本来は、その高さでも十分なダウンフォースを発生するフロントウィングを開発しなければ
なりませんが、この問題をキール部分に当たる気流を減少させるべくノーズ先端を下げる事で
解決しています。このノーズ先端を下げる事がオフェンシブな設計変更で無い事は、
翌年のF2002から再びノーズ先端が上げられた事から判断できます。
しかしながら、恐らくこの時からノーズコーン下の気流がキールだけでは完全には
制御出来ていない事にフェラーリは気付いていたのでしょう。

その後、ノーズコーンの形状にはあまり変化が見られなくなります。
それとは逆にフロントウィングは格段の進歩を遂げます。ノーズコーン下部に沿って
大きくRを付け、大型化・マルチ化していき、今ではダブルウィングが主流になっています。

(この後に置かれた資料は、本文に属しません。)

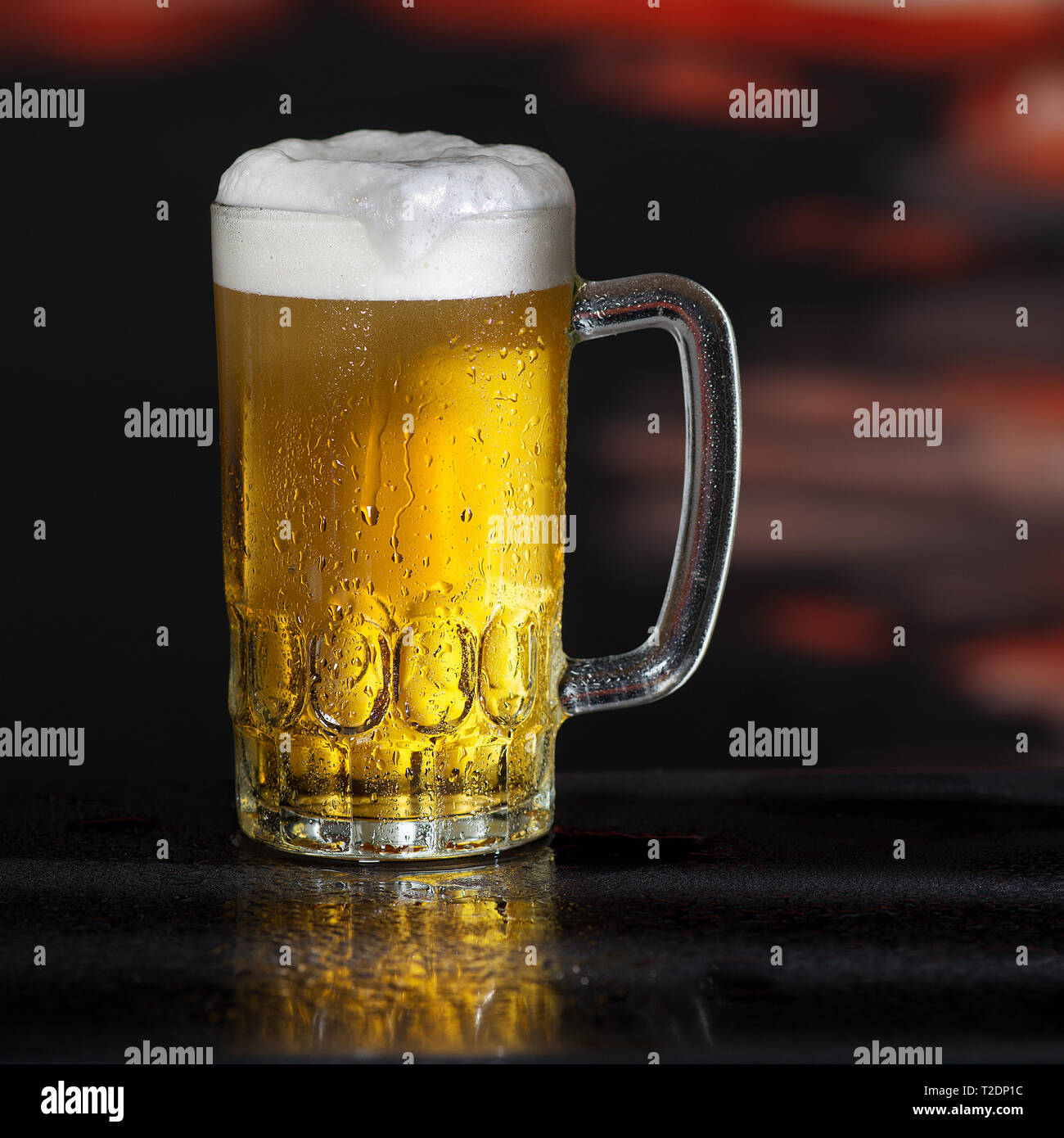 Verre de bière sur le fond sombre Banque D'Images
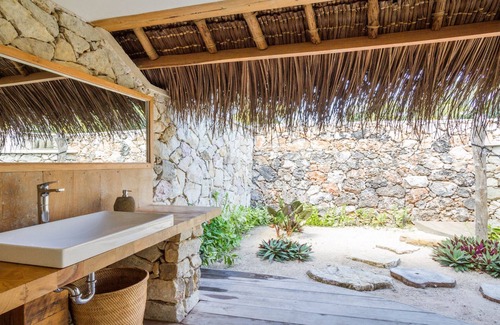 Rote Island House | Yoga Garden Bungalow on Rote Island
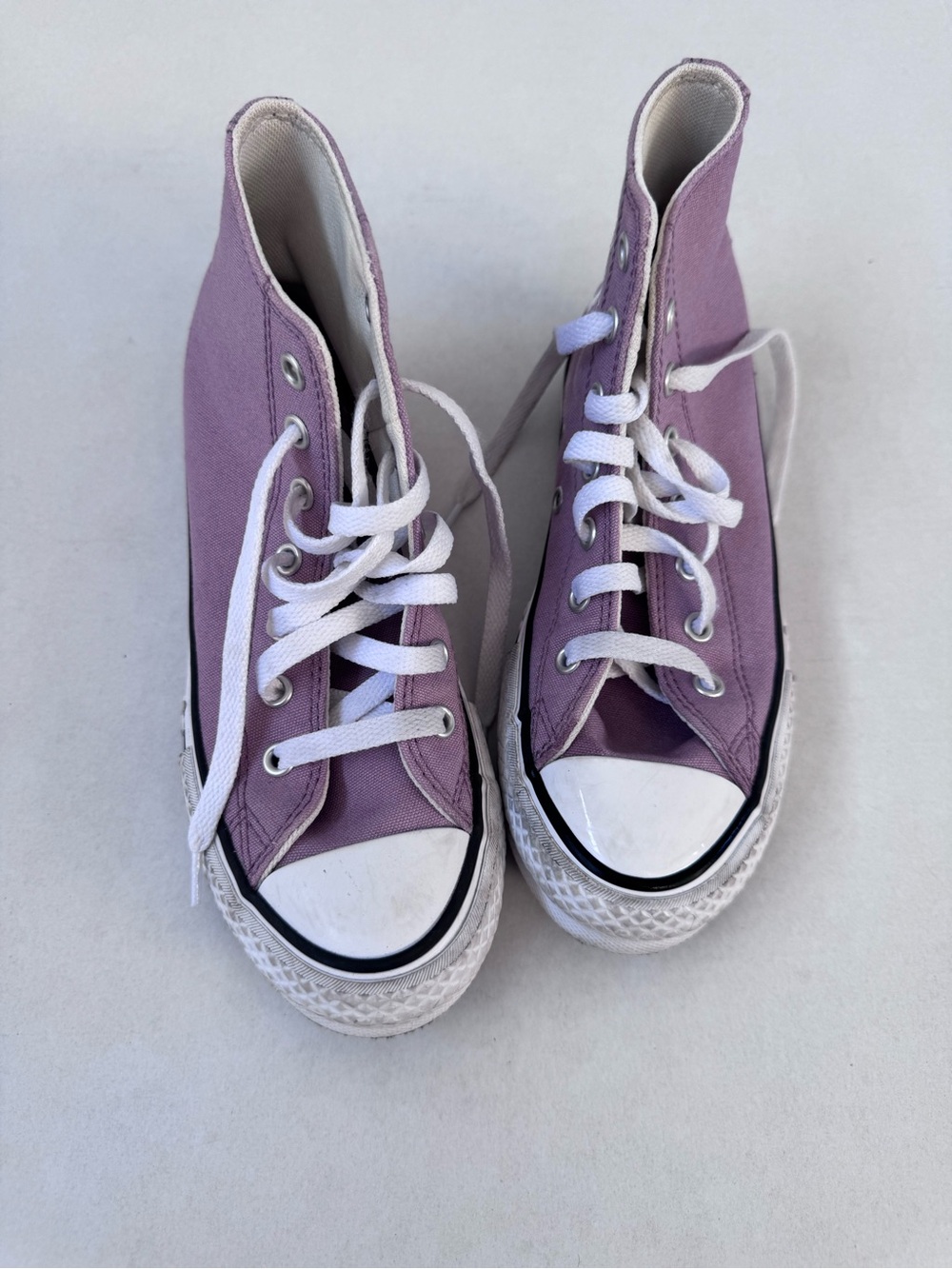 Kids Lavender High-Top Converse Sneakers 2.5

確かに、大型化したウィングが発生するダウンフォースは強大ですが、同時に抵抗や
乱流も大きくなるものです。
ダウンフォースとは、単純に車を地面に押し付ける一つの力ではありません。
ベクトルを思い出してみると分かると思いますが、例えば、キール部分が揚力を発生して
車を上に5kgの力で上げようとし、フロントウィングが10kgの力で下に
押し付けているとすると、ダウンフォースは相殺されて5kgになります。
ここで、10kgのダウンフォースを得ようしてフロントウィングを大型化し、13kgの
力を発生させれば、見事ダウンフォースは8kgとなります。
実際には、抵抗、乱流、車のスピードを抑えるような力だったり、もっと複雑ではありますが、
ただ、ウィングの無茶な大型化は、乱流を発生し、空力全体に大きな悪影響を与えます。
何らかの方法で、キール部分の揚力を減らせれば、例えば、3kg減らせたとすれば
同じウィングを使っていても、8kgのダウンフォースを得る事が出来る訳ですね。
揚力の発生部分では、気流の流れが滞り、その部分の気圧が上がります。
水でも空気でも流体は圧の高い方から低い方へ流れますから、圧力の高い所と低い所を
通路で結んであげれば、高い所から流れ出てその部分の気圧を低く維持出来ると言う訳です。
記事の何処にもこれがアウトレットだとは書いていませんが、ノーズコーンの前傾部ではなく、
水平になった所に設置されている事を考えれば、当然、アウトレットでしょう。
ノーズコーン下にインレットダクトの穴が開いていると考えるのが妥当かと思います。
ね、、SWと同じでしょ?
あ、一応、これは全部、私の妄想です。先日購入したフェラーリの本で勉強はしていますが、
こんなことはそこには書いてありませんので、念のため。